VALET : Cp 17

115 24 0
                                    

Pagi hampir tiba, tapi Suck belum juga tertidur. Gadis Endlos itu masih berkutat di meja belajarnya dengan tangan menyusun satu persatu rencana yang akan dia lakukan di Istana Elves. Diamond Escape, begitulah Suck menamai rencananya itu.

Pintu berderak dan Quen terlihat baru tiba di kamarnya dan kaget melihat Suck masih bangun. Padahal jika boleh jujur, Quen pulang sangat larut begini karena ingin menghindari Suck. Ntah kenapa gadis itu merasa bersalah bila mengingat bagaimana dia membunuh Livi dengan kemarahannya.
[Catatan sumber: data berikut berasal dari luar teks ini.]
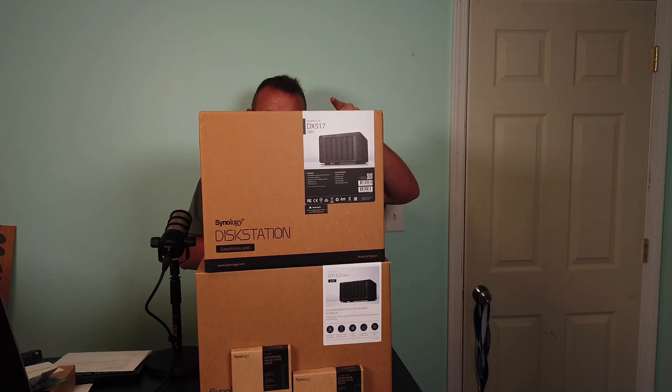Hi, I'm Willie. Welcome to my channel. Thank you for being here. I appreciate each and every one of you.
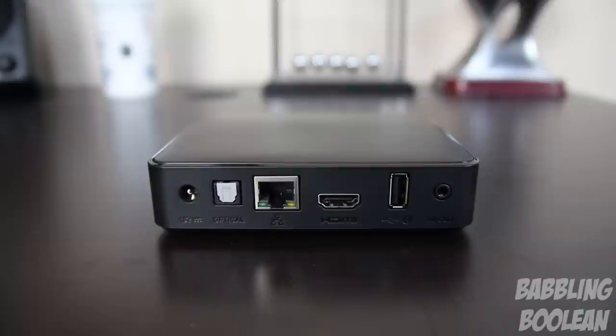A little to the right you have the composite port. There's also a wireless adapter built inside, which supports a maximum of 802.11n wireless. As for wireless strength, it varies depending on how many walls are between your router and this device, and how strong your router signal is.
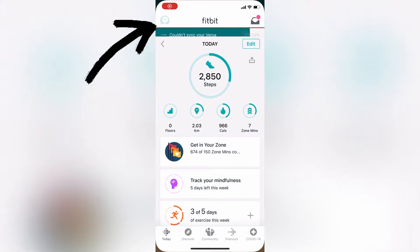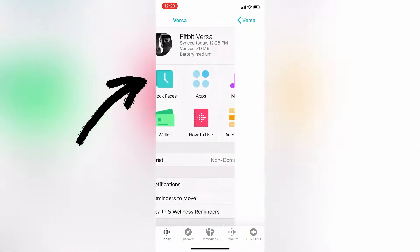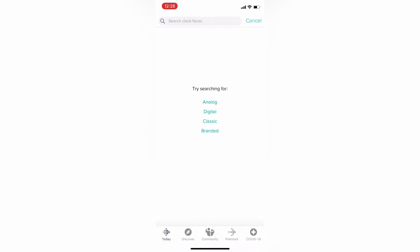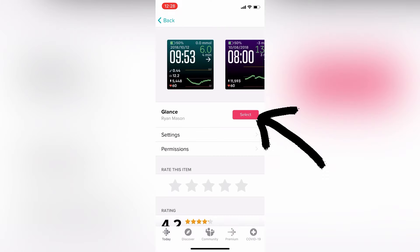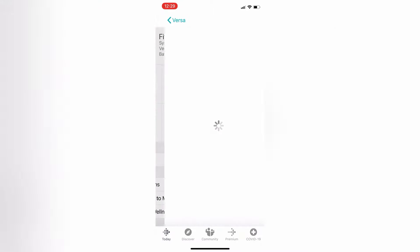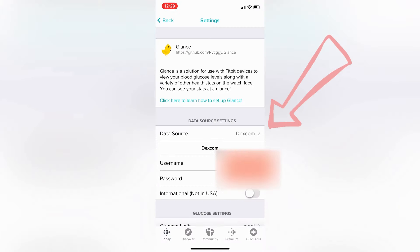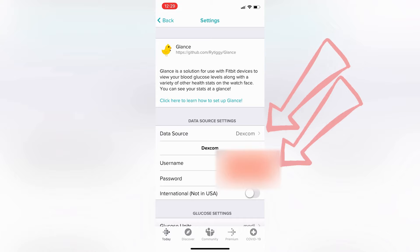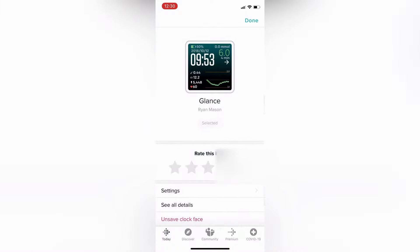I had to delete Glance first and then reinstall it, but let me show you. Open the Fitbit app, click the little person icon in the top left corner, then click Versa. That takes you to the device page — click Clock Face, then in the top right corner select All Clocks and type in Glance. Hit search, click the first result, then click Select to download the clock face. Click back, click Clock Face again, and now you can see your clock face listed — click it, then click Settings. Here you select your data source. I selected Dexcom — I blocked out my username and password, but you enter those here. Just type in the same username and password you use for Clarity, and that's it — you're good to go.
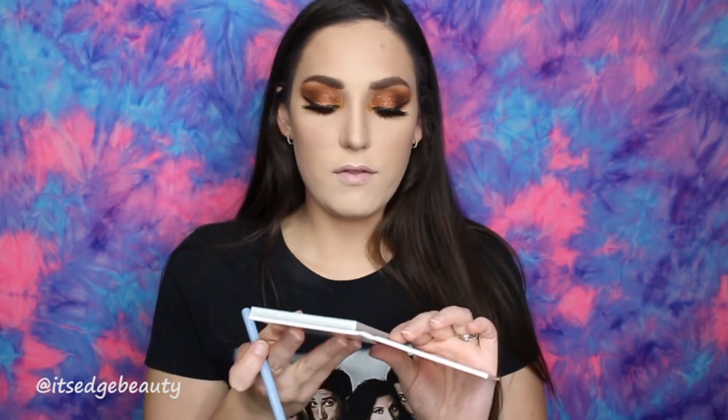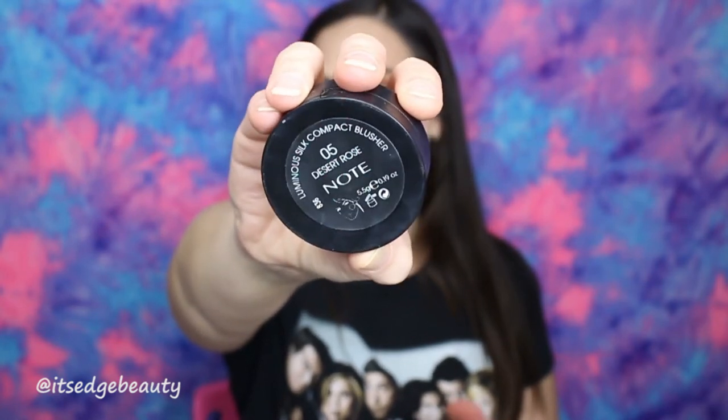I'm going to go do some brows, eyeliner, and lashes and we'll be right back. Okay, so we did some brows, some liner, some lash. I used a Sigma E30, which is a little pencil brush, and I did use a little bit of the On Camera shade in my inner corner. Right now we are going to do blush. I am using the Note Cosmetics blush in Desert Rose with my Luxie 504 brush. It's a nice nude with a little bit of pink, and I am just going to blend that.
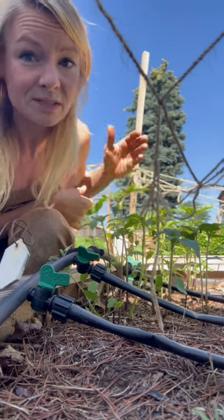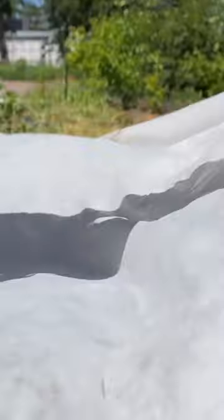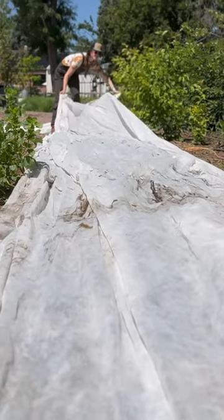We like to direct sow things like sunflowers, but they're especially vulnerable to things like bunnies and squirrels. So here's what we do: after we put our seeds down, we use a lightweight frost fabric and keep it over until the seeds have germinated.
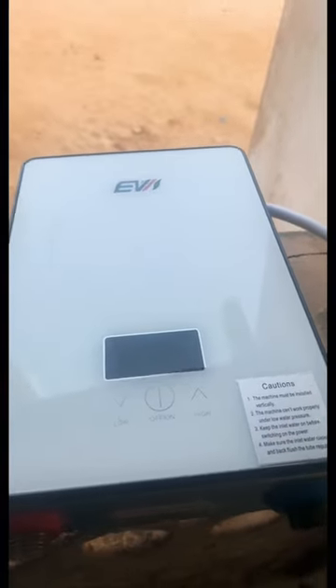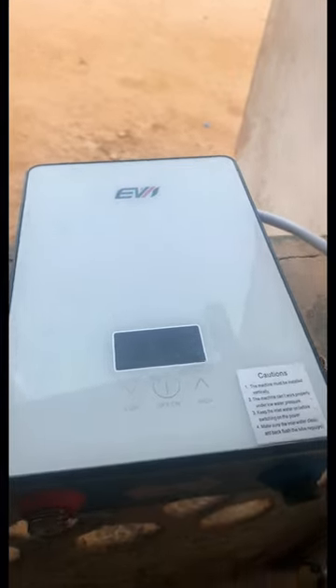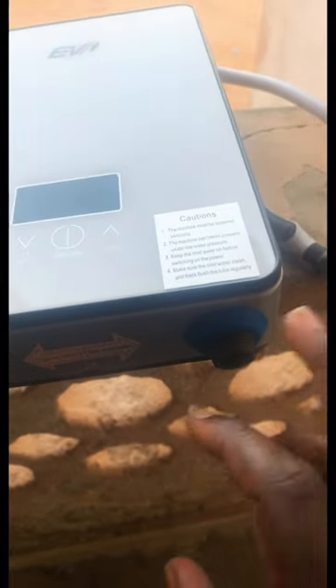This is an instant water heater. The customer brought it to me because it's not heating anymore. Before you can reboot the system to bring it back on for heating, you need to make sure there is running water through the inlet valve.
"Kau belum tidur ternyata," sapa Quen berusaha ramah. Tak ada jawaban dari Suck.

"Hei, setidaknya jawab sapaanku! Terlebih karena aku paling senior di tempat ini!" gusar Quen dan gadis itu sedikit goyah saat Suck menatapnya dengan mata memerah.

"Apa?" tanya Quen gugup.

"Pembunuh!" Satu kata dari Suck yang menendang perasaan Quen. Bukan baru ini Quen melakukannya, sudah banyak orang yang dia bunuh di gelanggang pertandingan tapi Livi sangat membuatnya merasa bersalah karena dia membunuhnya atas dasar rasa suka pada Stigra.

"Kenapa? Kau merasa terpukul dengan tudingan itu! Tidak mungkin itu terlalu kasar untuk orang yang haus darah sepertimu, kan? Aku dengar bukan hanya Livi yang kau akhiri di gelanggang, beberapa siswa dari berbagai kelas yang sudah kau akhiri dengan tanganmu itu! Jadi kau takkan marah kan dengan kata-kata itu!" sindir Suck, tak ada respon dari Quen dan Suck berniat meninggalkan kamar.

"Untuk Livi-" Suck menghentikan langkahnya.

"Aku minta maaf untuk kematian Livi, aku benar-benar tak pernah berniat membunuhnya. Dia gadis baik dan aku-" Quen sangat kaget saat Suck berbalik dan mencekiknya kuat.

"Jika dia baik, jika dia selalu menjadi orang yang melayanimu, kenapa?! Kenapa kau harus membunuhnya! Kenapa kau membuat dia mati dengan cara sekeji itu?! Mengapa Quen?!" bentak Suck. Quen tiba-tiba menangis karena bayangan bagaimana Livi selalu menuruti apapun keinginannya dan gadis bermata polos itu tak pernah sekalipun berniat memberontak walau Quen sadar Livi memiliki kemampuan yang tak jauh berbeda dari dirinya sendiri tapi gadis itu selalu rendah hati dan terlalu pasrah. Itu yang membuat Quen marah, karena dia terlihat jahat di mata Stigra.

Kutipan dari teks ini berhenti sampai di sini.